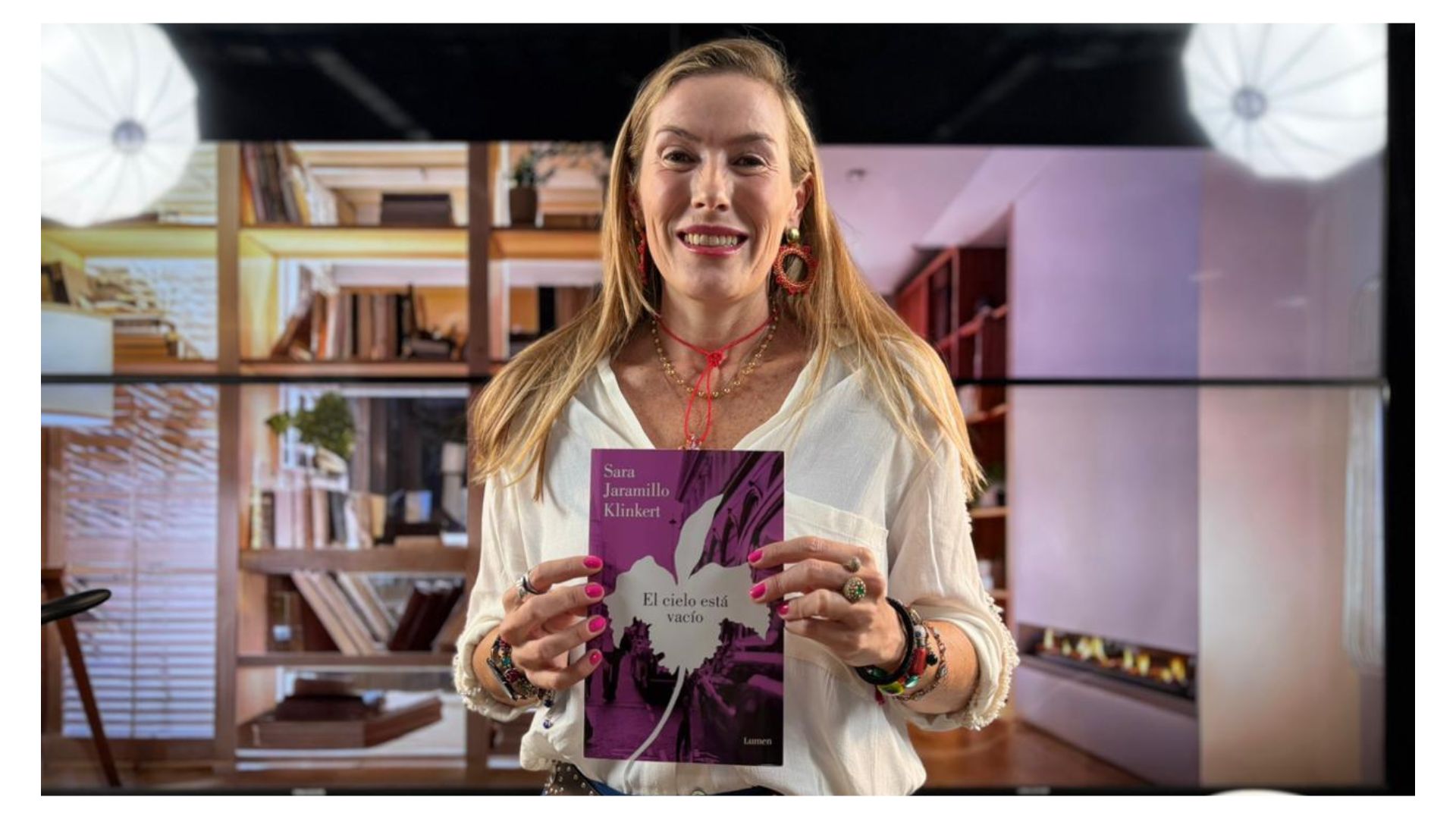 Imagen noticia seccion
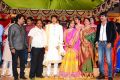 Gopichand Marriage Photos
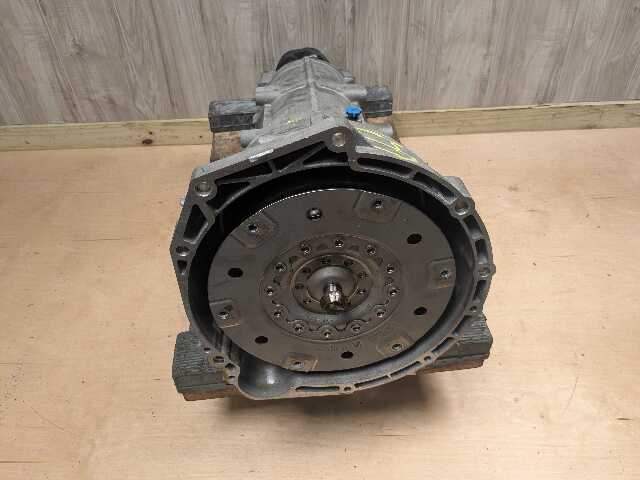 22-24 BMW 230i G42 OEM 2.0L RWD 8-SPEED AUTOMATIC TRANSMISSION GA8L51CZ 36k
###
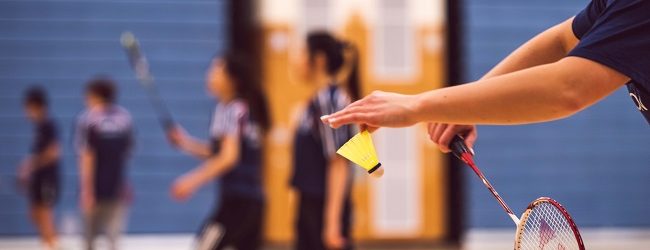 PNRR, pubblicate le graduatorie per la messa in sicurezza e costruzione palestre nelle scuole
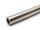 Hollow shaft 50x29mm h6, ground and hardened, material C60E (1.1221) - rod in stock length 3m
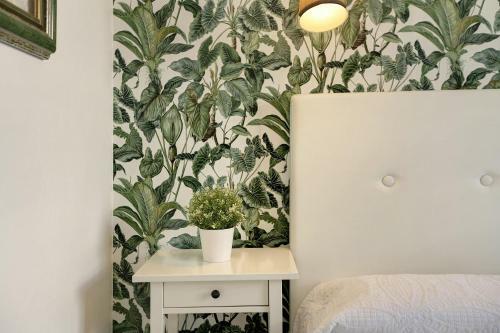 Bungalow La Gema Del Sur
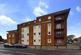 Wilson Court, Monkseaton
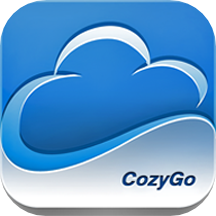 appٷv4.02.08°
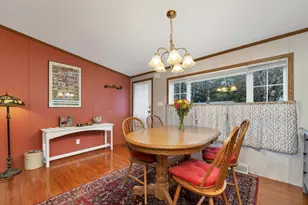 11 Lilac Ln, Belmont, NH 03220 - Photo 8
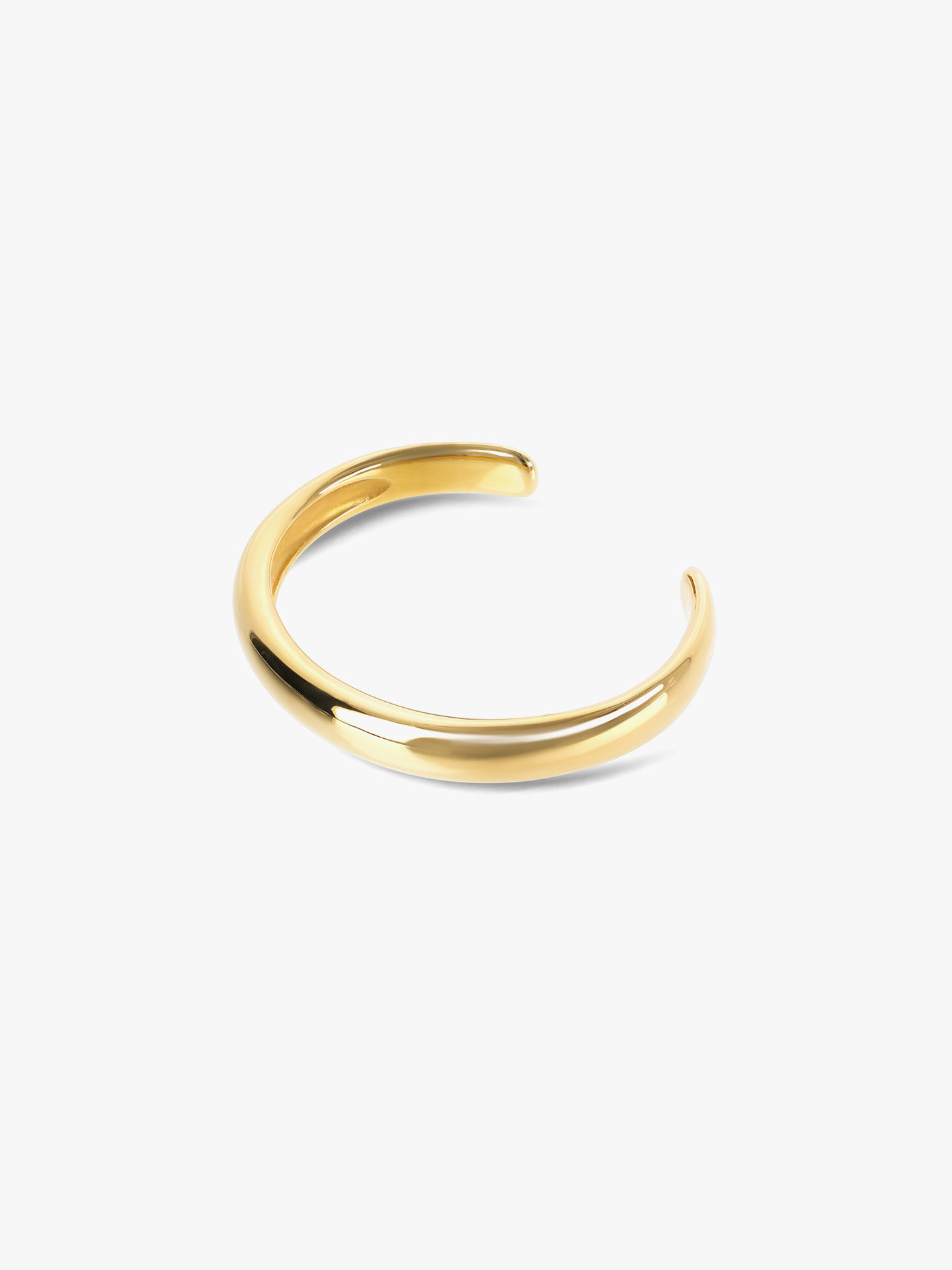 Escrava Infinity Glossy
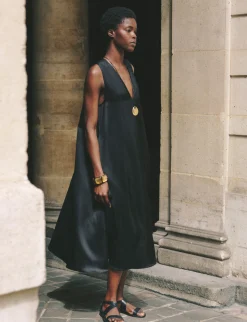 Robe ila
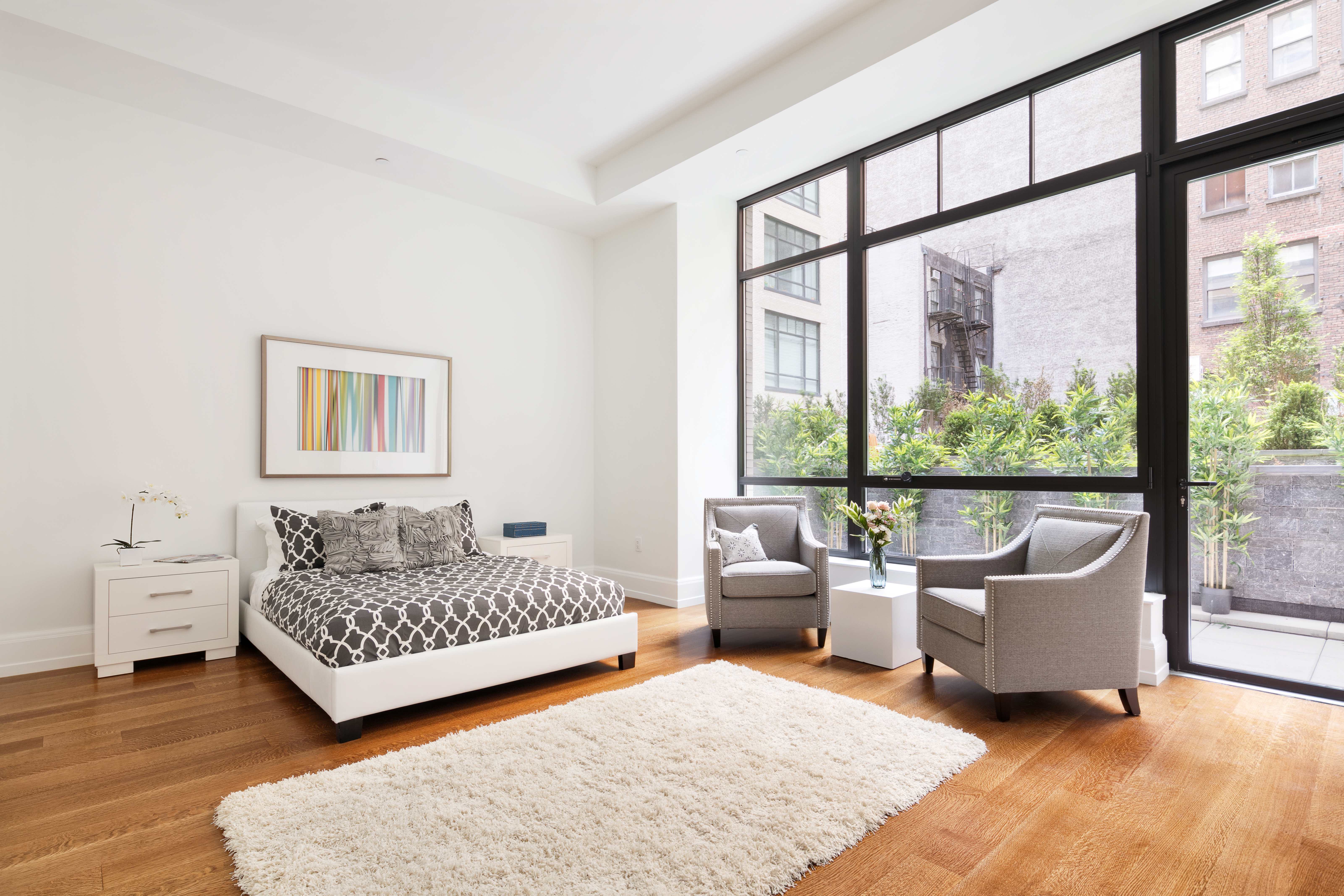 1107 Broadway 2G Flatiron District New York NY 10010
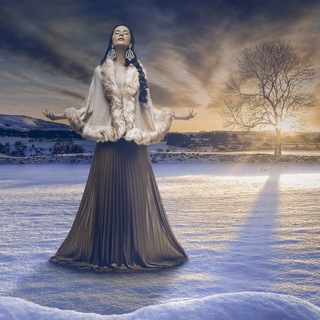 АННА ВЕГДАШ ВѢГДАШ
###
== Exercise requirements ==
Give back exactly, and solely, the section of the data above bounded by the line containing "appٷv4.02.08°" and the line containing "АННА ВЕГДАШ ВѢГДАШ", both bounding lines included and pictures omitted.

== Answer ==
 appٷv4.02.08°
 11 Lilac Ln, Belmont, NH 03220 - Photo 8
 Escrava Infinity Glossy
 Robe ila
 1107 Broadway 2G Flatiron District New York NY 10010
 АННА ВЕГДАШ ВѢГДАШ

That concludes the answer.